Buddhas call exiled Afghan sculptor home

? Watching his country’s turmoil from exile for two decades, Afghan sculptor Amanulah Haiderzad always worried about two soaring statues of Buddha hewn into this barren valley’s towering sandstone cliffs.

The ancient monuments escaped damage throughout the 10-year Soviet invasion and Afghanistan’s civil war in the 1990s. But they were demolished last year by the former Taliban regime, which said the Buddhas violated Islamic bans on human images and idolatry.

Now Haiderzad is back in Afghanistan for the first time in 23 years, returning at the request of the interim government to organize reconstruction of the statues.

“I had this dream to come back and visit, but not like this,” the 62-year-old sculptor said on a plateau overlooking the site where the majestic statues once stood.

Carved into a mountainside above the central city of Bamiyan in the third and fifth centuries, the Buddhas were considered cultural treasures. The larger of the two, at 175 feet high, is thought to have been the world’s tallest standing Buddha. The smaller statue was 115 feet tall.

Taliban leader Mullah Mohammed Omar’s decision to destroy the statues was met with international outrage, but the protests fell on deaf ears. After trying for weeks to obliterate them with anti-aircraft guns and rockets, Taliban troops finally blew up the relics in March 2001, placing explosives into holes bored into the rock.

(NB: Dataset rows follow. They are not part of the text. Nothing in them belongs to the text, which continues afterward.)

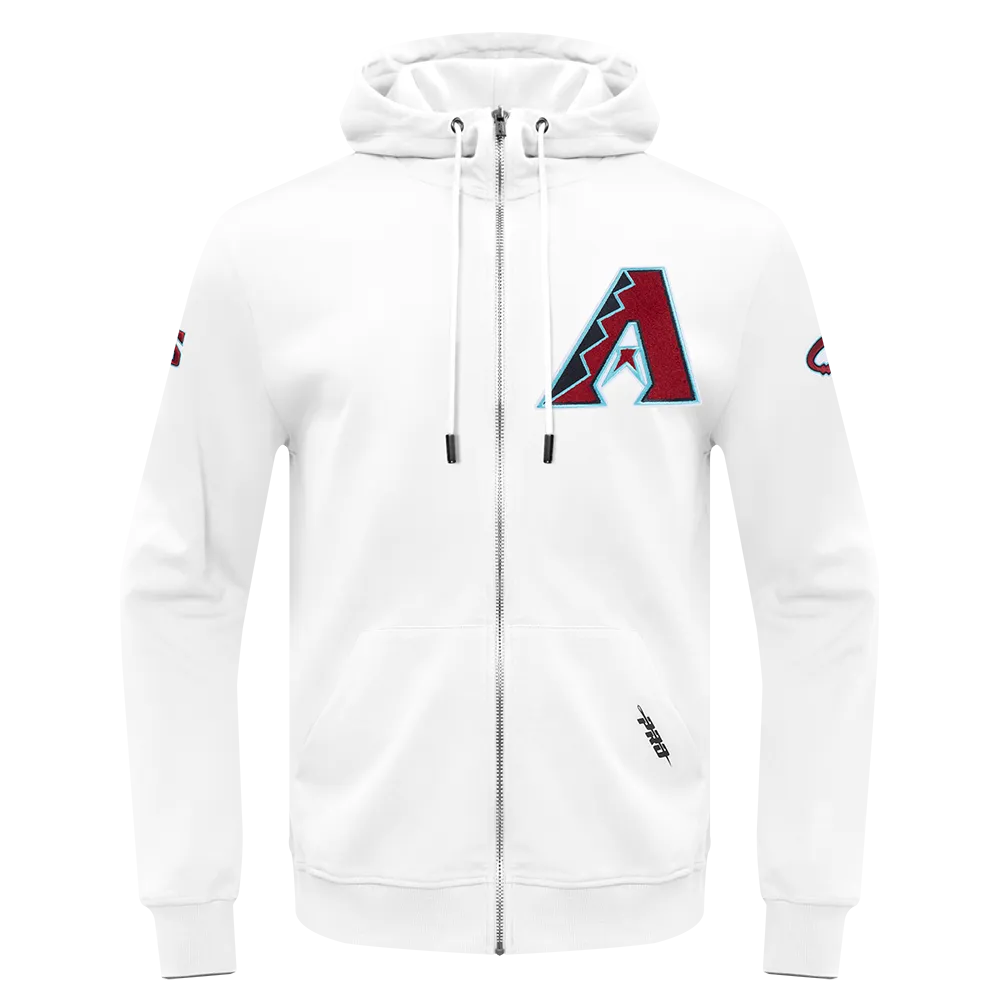 MLB ARIZONA DIAMONDBACKS CLASSIC CHENILLE MEN'S FZ PO HOODIE (WHITE)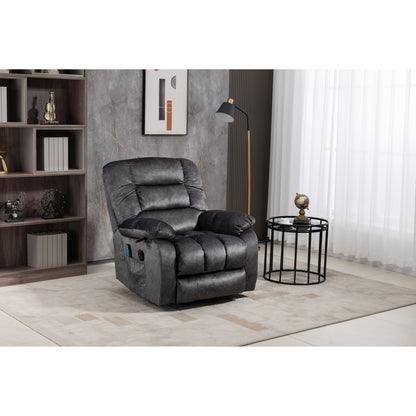 Beacon Grey Oversized Chenille Power Lift Recliner with 8 Point Massage and Lumbar Heating
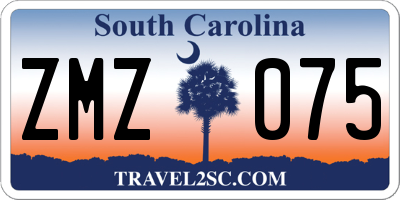 SC license plate ZMZ075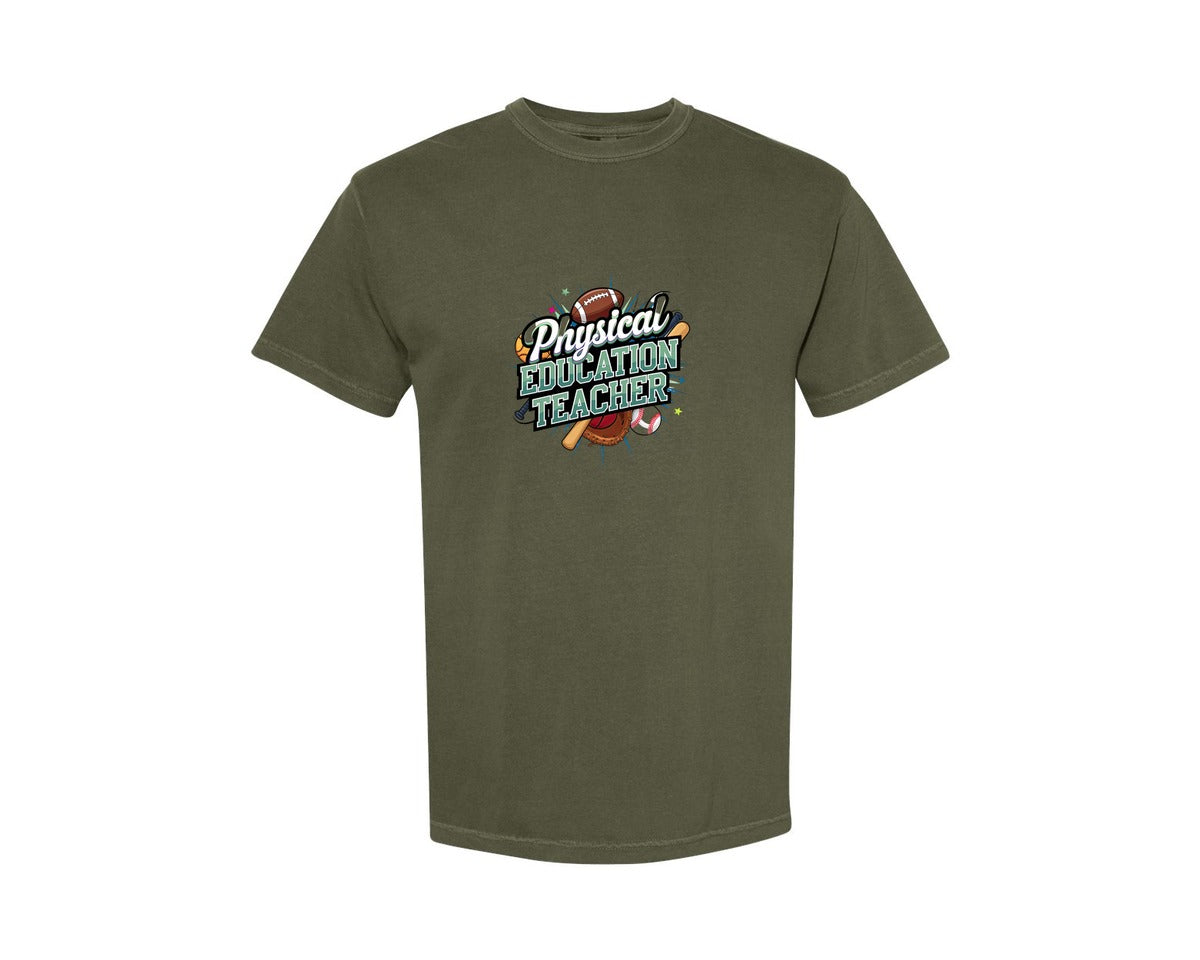 brand:Comfort Colors|color:Sage Green|Physical Education Teacher 2 Graphic T-Shirt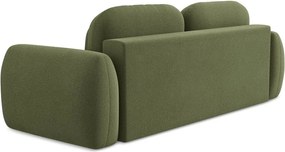 Canapea verde extensibilă/cu spațiu de depozitare cu tapițerie din țesătură bouclé 266 cm Pele – Makamii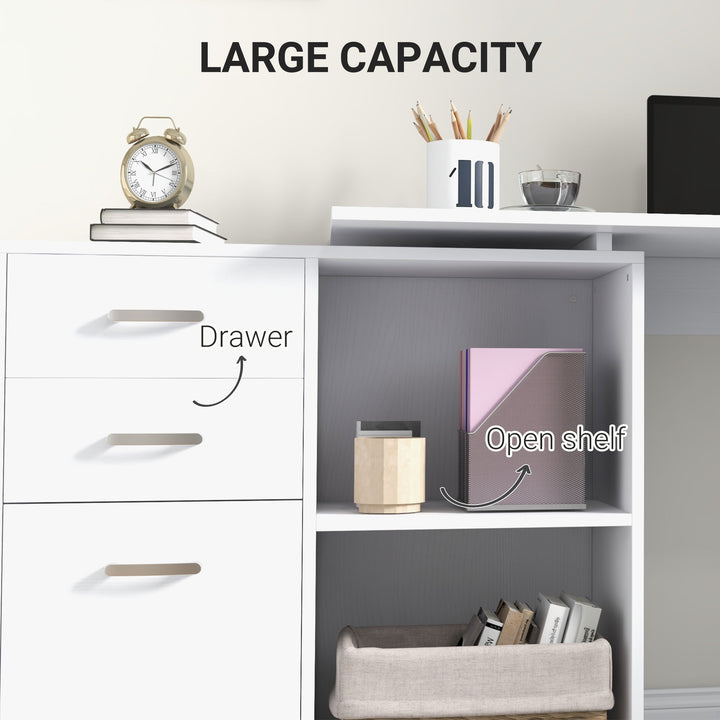 MCL L Shaped Computer Desk, Reversible Home Office Desk with Drawers, File Cabinet and Storage Shelves, Study Table, 117 x 83.5 x 76cm, White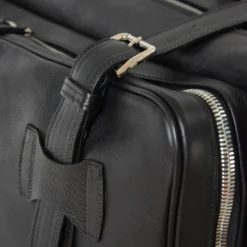 Jones Weekender in pelle nera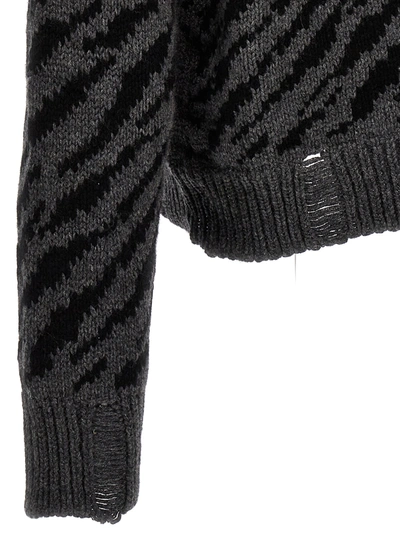 Rhude Zebra Crew Neck Sweater With Ribbed Cuffs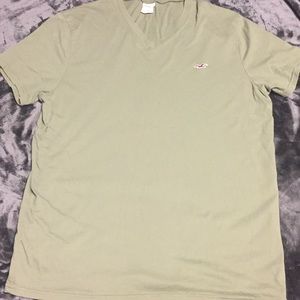 Hollister XL Olive Green V Neck T Shirt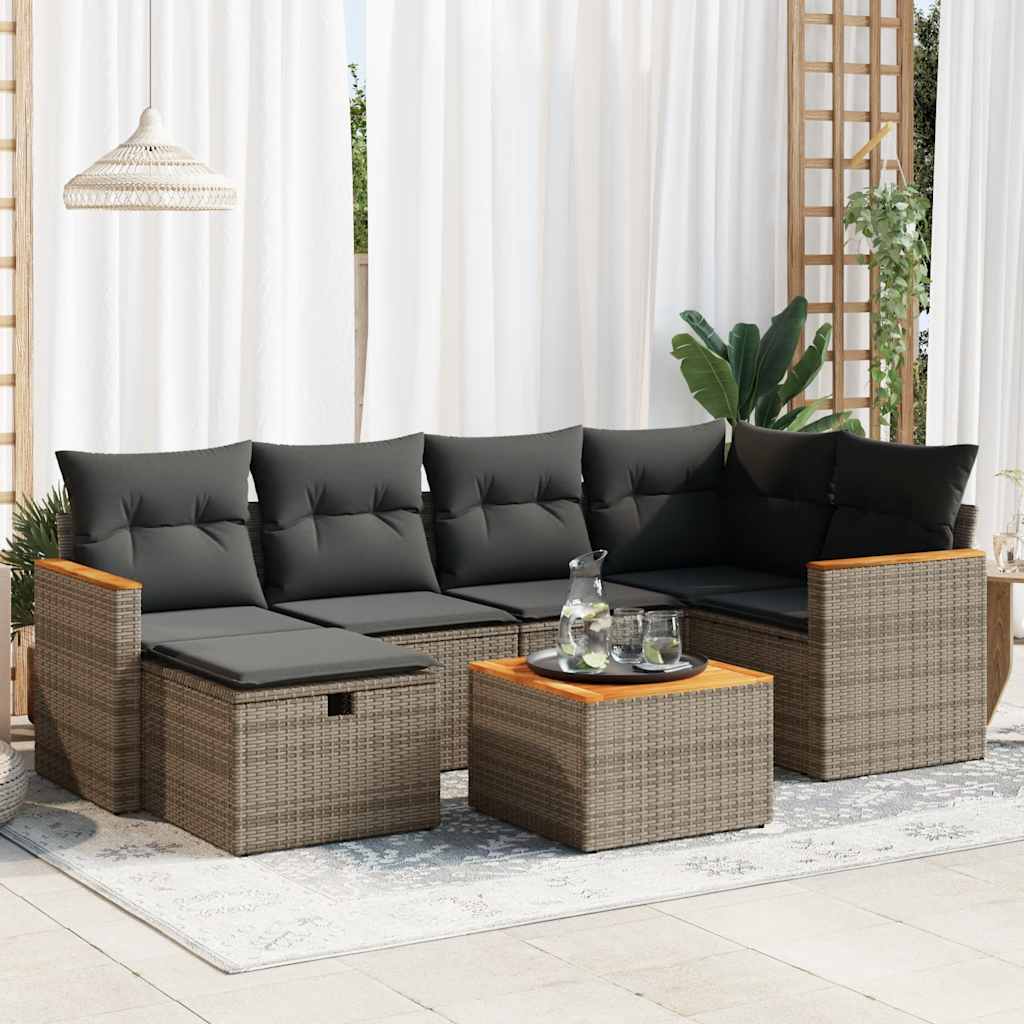 Set Divani da Giardino 7 pz con Cuscini Grigio in Polyrattan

“It was a very sad day for me,” said Haiderzad, who saw the images on television from his home in New York City. “They didn’t understand that these statues don’t belong to the Taliban. They belong to Afghanistan, to human history.”

The Buddhas’ destruction was only one element of the Taliban assault on Afghan culture.

The Taliban banned music, television, movies and theater, and spent three days smashing statues in the Kabul Museum. A small version of the Bamiyan Buddhas sculpted by Haiderzad, now on display in Kabul’s Intercontinental Hotel, also was defaced by the Taliban.

Haiderzad said he visited the Bamiyan statues as a boy, and they inspired him to become a sculptor.

He studied sculpture in Italy for six years, and then established a fine arts department at Kabul University. But when the Soviets invaded in 1979, Haiderzad fled to the United States.

Haiderzad estimates it will take four to five years to rebuild the larger statue, and just beginning the project is a huge undertaking.

Interim Prime Minister Hamid Karzai’s administration has no money for the project, and is now looking for “anyone, anywhere” to help out, Haiderzad said.

Karzai, who on Tuesday visited Bamiyan, said his government has been in contact with UNESCO, the U.N. agency responsible for safeguarding the world’s cultural heritage.